**Directions:** The response should repeat word for word every line below from the one with "NU0368 Antracite" to the one with "Baldwin Spin-on Lube Filter", inclusive, and nothing else; leave pictures out.

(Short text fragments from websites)
+ + + + +

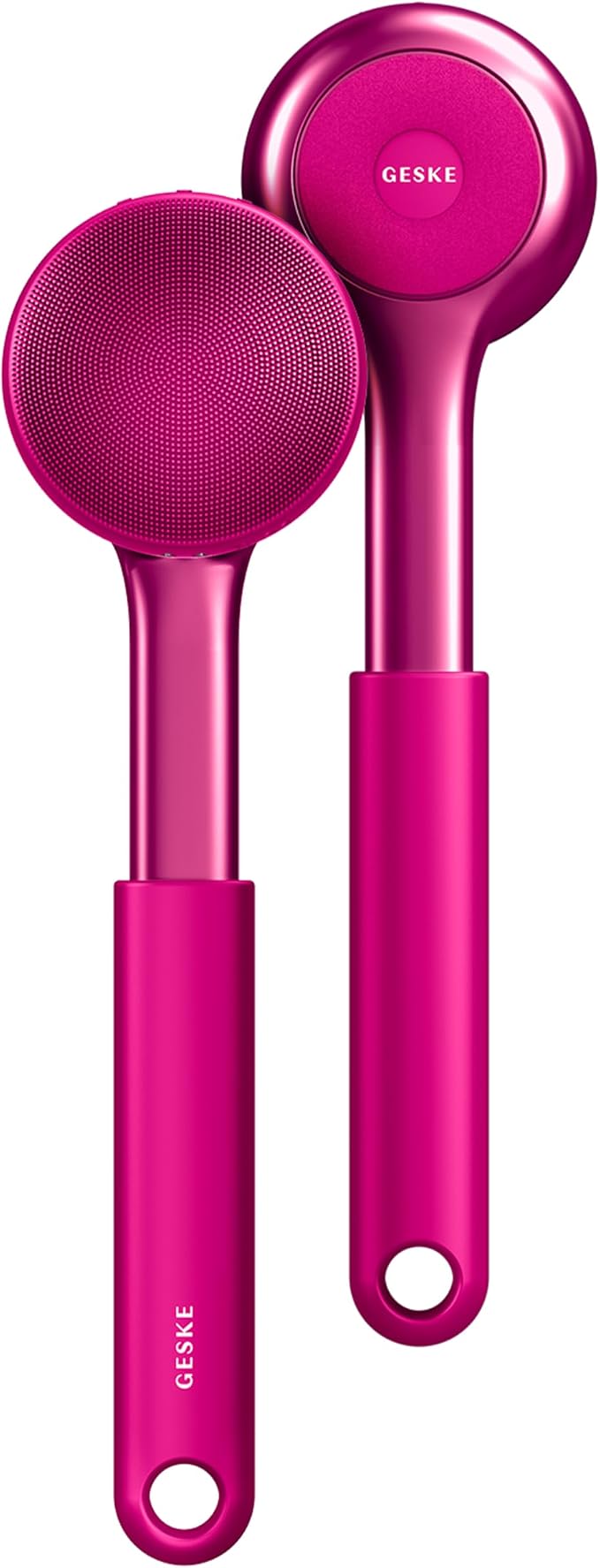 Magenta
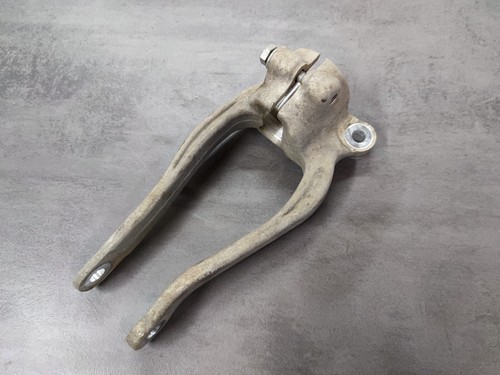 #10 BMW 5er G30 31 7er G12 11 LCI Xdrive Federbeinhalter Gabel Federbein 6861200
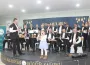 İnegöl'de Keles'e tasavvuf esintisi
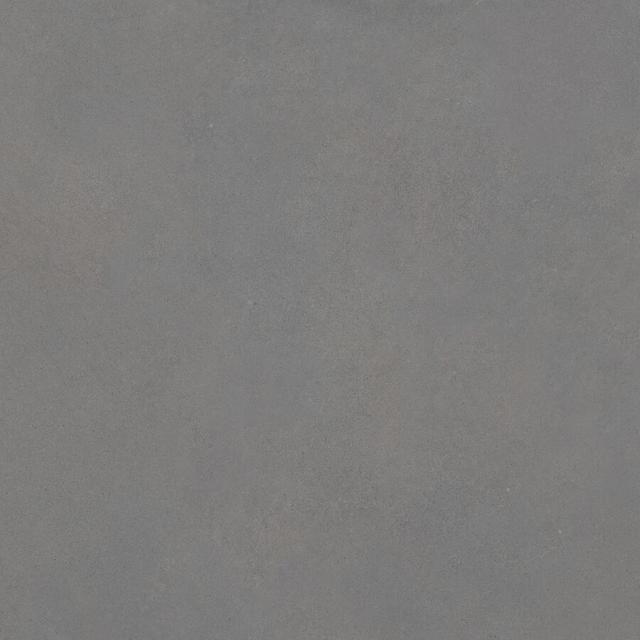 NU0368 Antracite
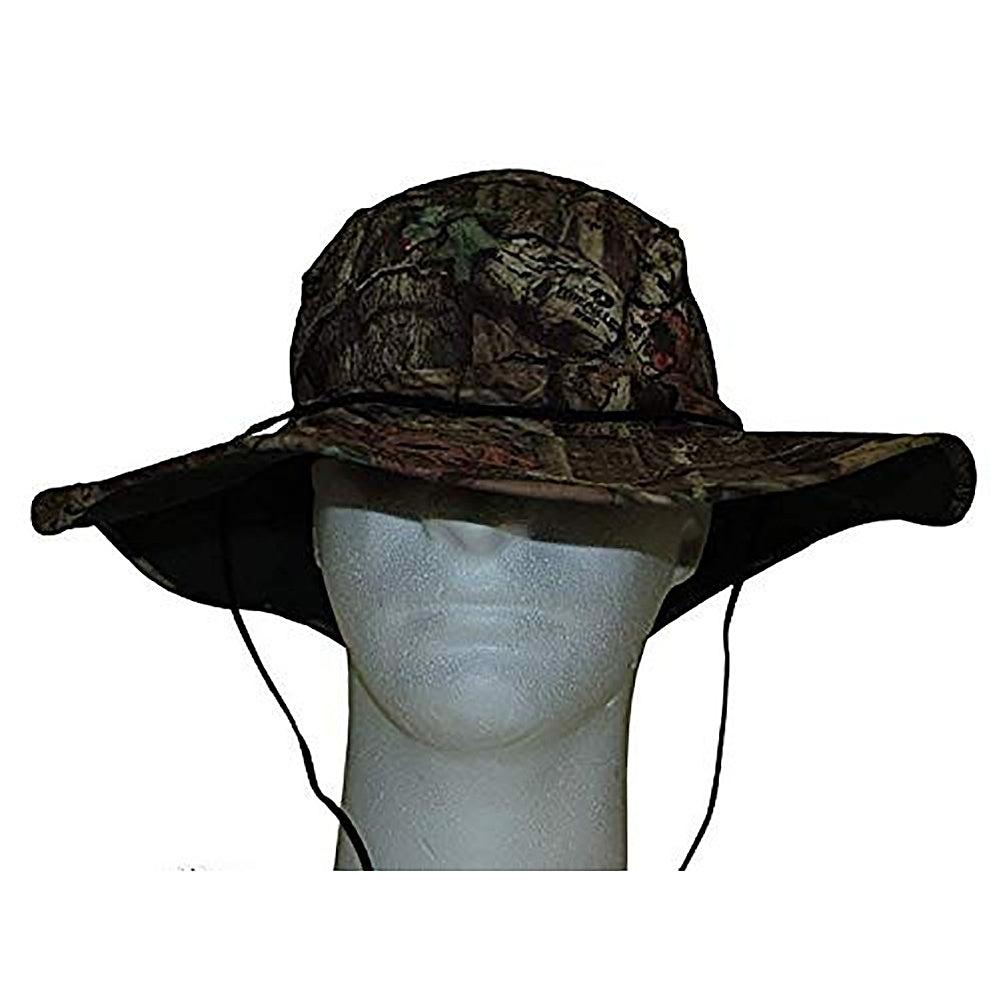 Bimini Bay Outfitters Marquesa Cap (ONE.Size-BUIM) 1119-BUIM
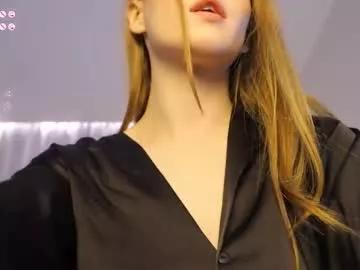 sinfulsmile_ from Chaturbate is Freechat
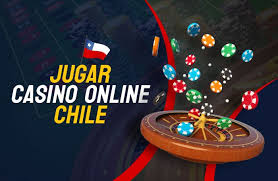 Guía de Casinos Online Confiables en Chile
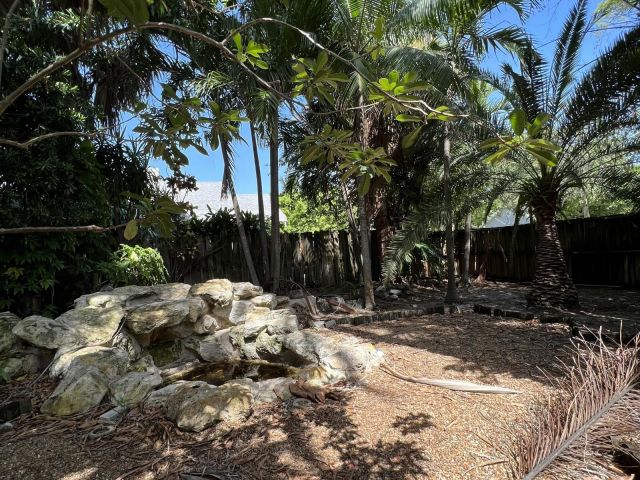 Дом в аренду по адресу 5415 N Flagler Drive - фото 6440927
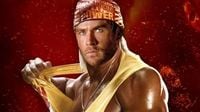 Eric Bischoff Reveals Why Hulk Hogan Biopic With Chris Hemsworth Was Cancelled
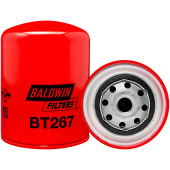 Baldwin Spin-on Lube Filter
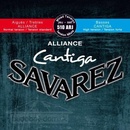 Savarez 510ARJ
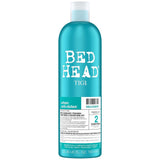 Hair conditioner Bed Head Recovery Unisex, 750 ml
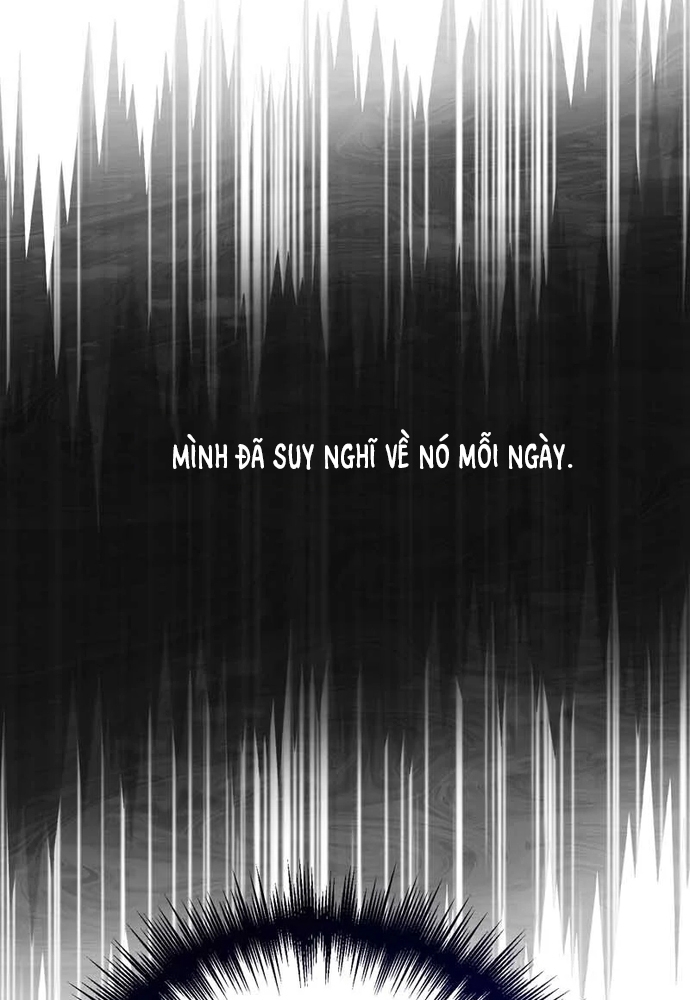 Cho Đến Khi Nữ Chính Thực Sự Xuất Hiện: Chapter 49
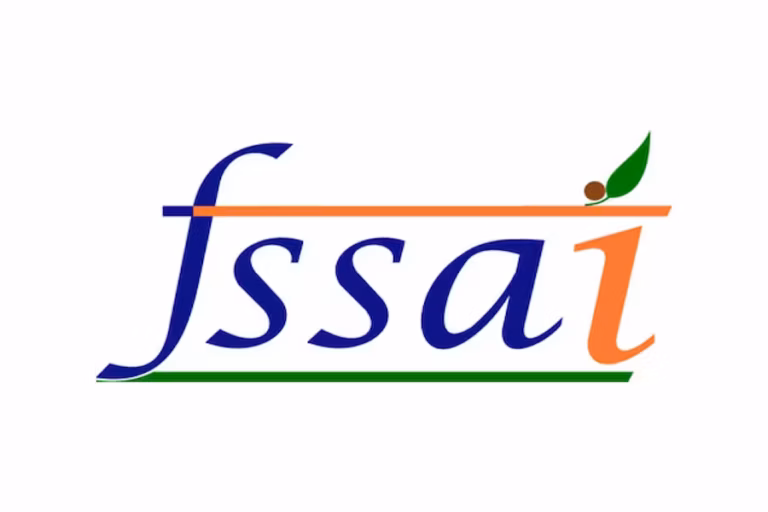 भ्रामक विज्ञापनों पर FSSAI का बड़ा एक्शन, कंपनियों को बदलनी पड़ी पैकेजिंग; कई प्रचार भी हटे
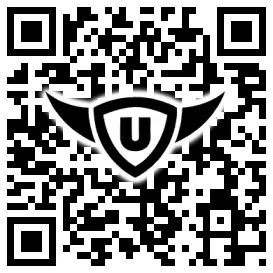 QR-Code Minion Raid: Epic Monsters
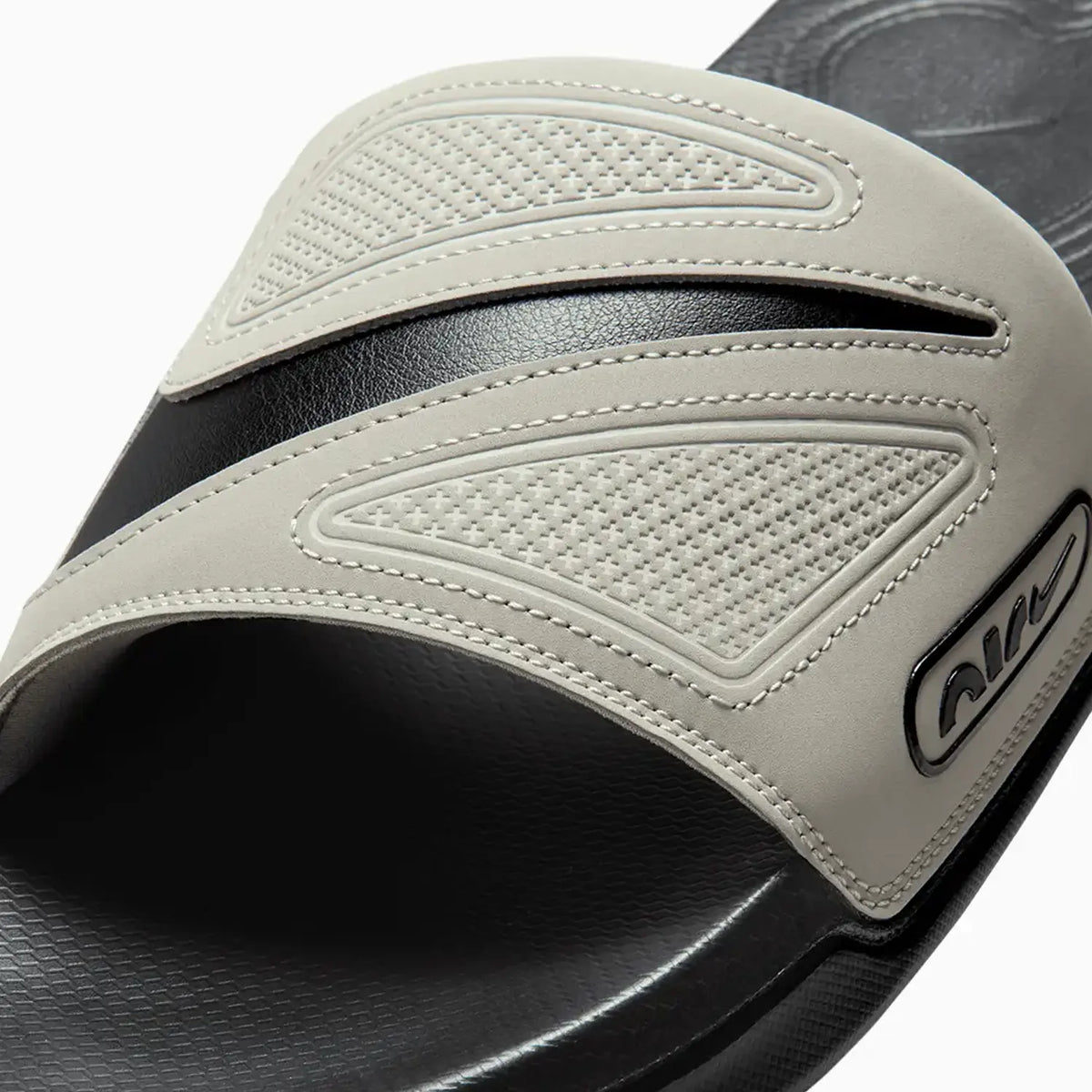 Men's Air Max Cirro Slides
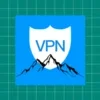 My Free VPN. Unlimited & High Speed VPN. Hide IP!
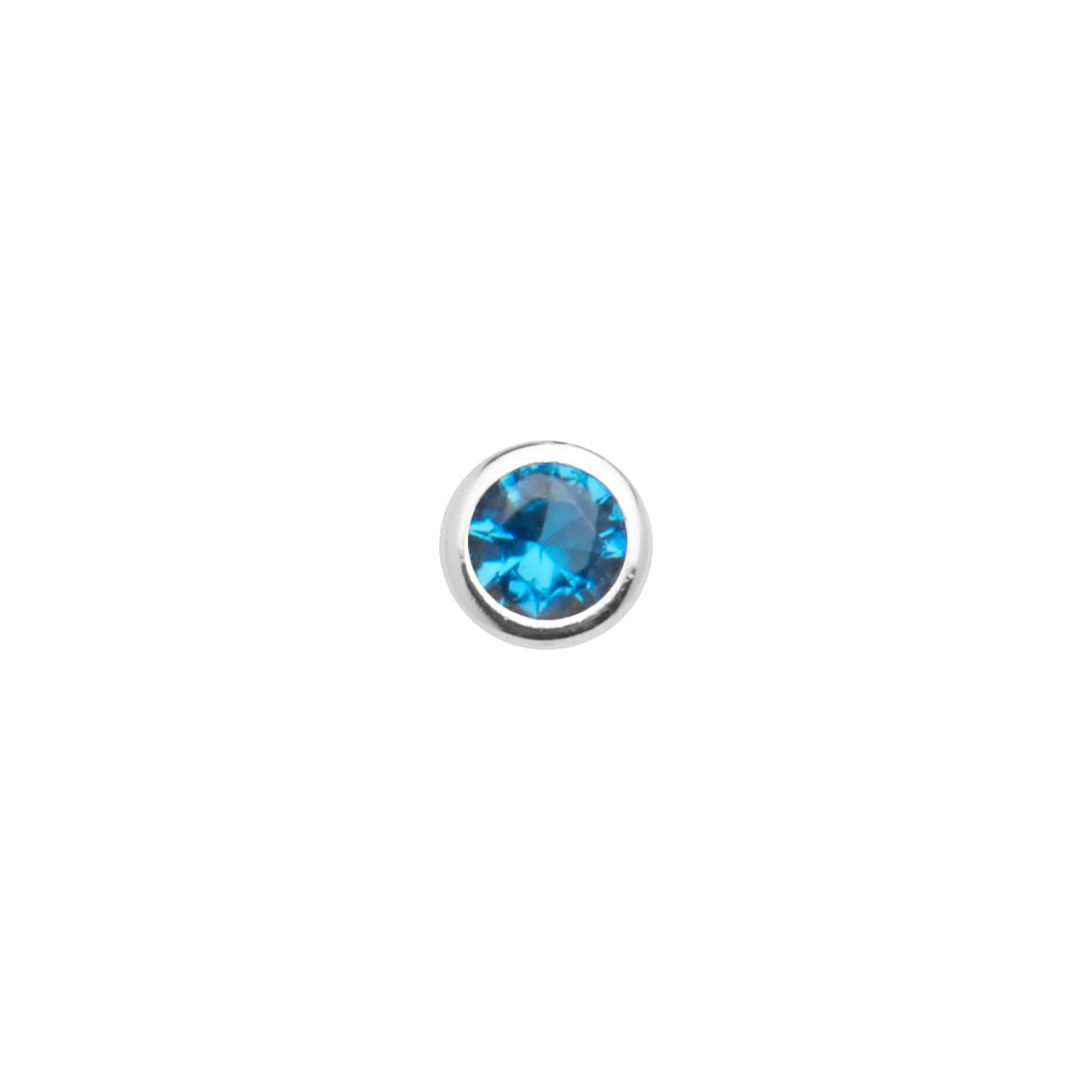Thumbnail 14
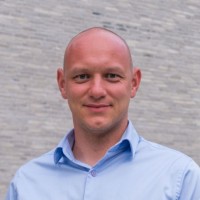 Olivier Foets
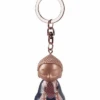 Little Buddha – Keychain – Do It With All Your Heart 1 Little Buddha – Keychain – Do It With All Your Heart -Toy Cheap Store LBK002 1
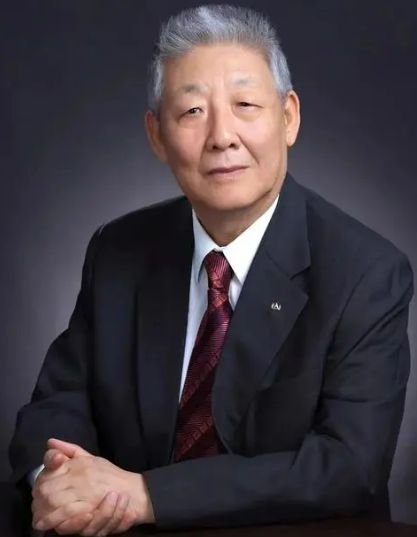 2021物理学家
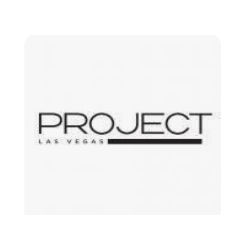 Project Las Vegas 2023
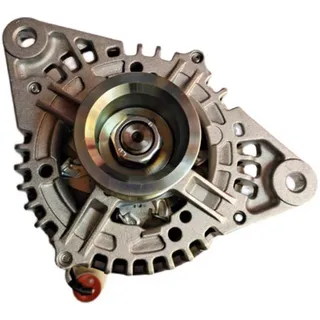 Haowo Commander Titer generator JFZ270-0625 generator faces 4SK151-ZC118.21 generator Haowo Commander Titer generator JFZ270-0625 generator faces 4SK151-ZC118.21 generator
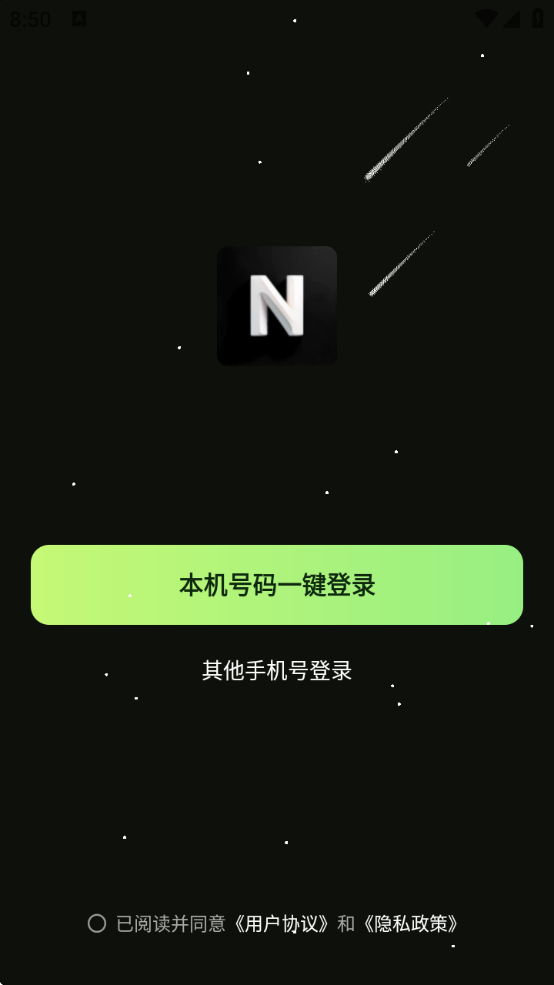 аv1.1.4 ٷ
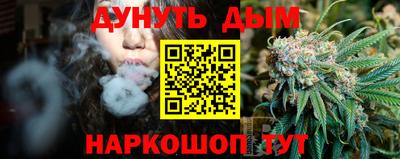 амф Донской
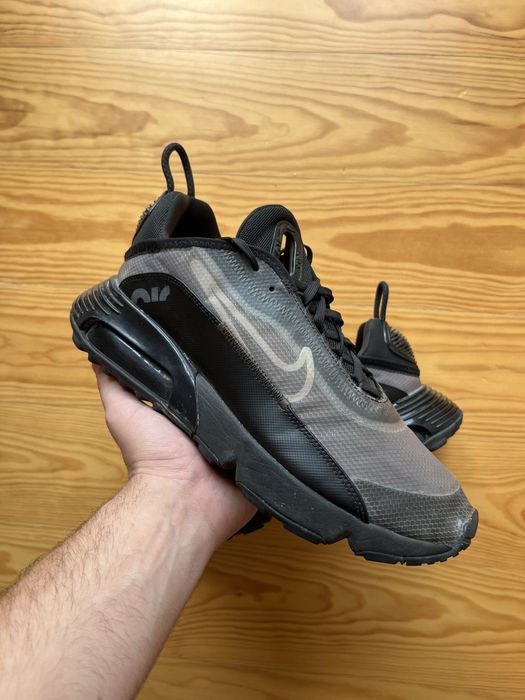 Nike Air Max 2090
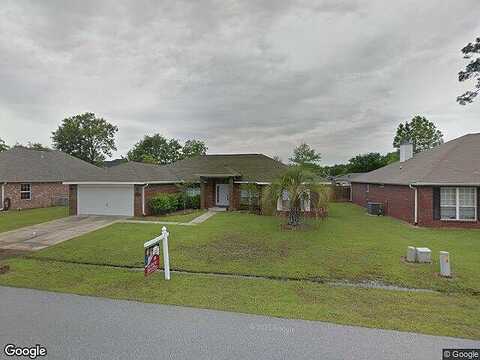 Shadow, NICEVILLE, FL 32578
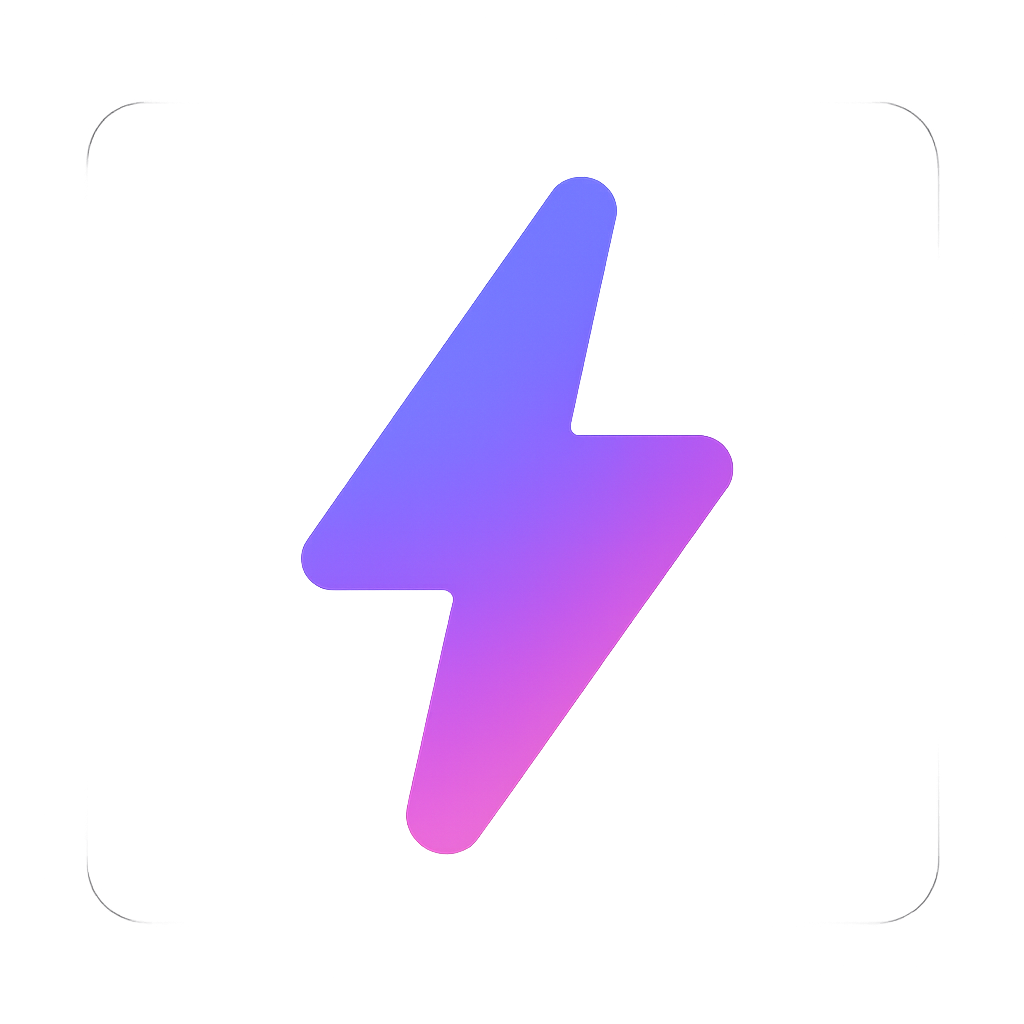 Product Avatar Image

+ + + + +

**Written reply:**
 NU0368 Antracite
 Bimini Bay Outfitters Marquesa Cap (ONE.Size-BUIM) 1119-BUIM
 sinfulsmile_ from Chaturbate is Freechat
 Guía de Casinos Online Confiables en Chile
 Дом в аренду по адресу 5415 N Flagler Drive - фото 6440927
 Eric Bischoff Reveals Why Hulk Hogan Biopic With Chris Hemsworth Was Cancelled
 Baldwin Spin-on Lube Filter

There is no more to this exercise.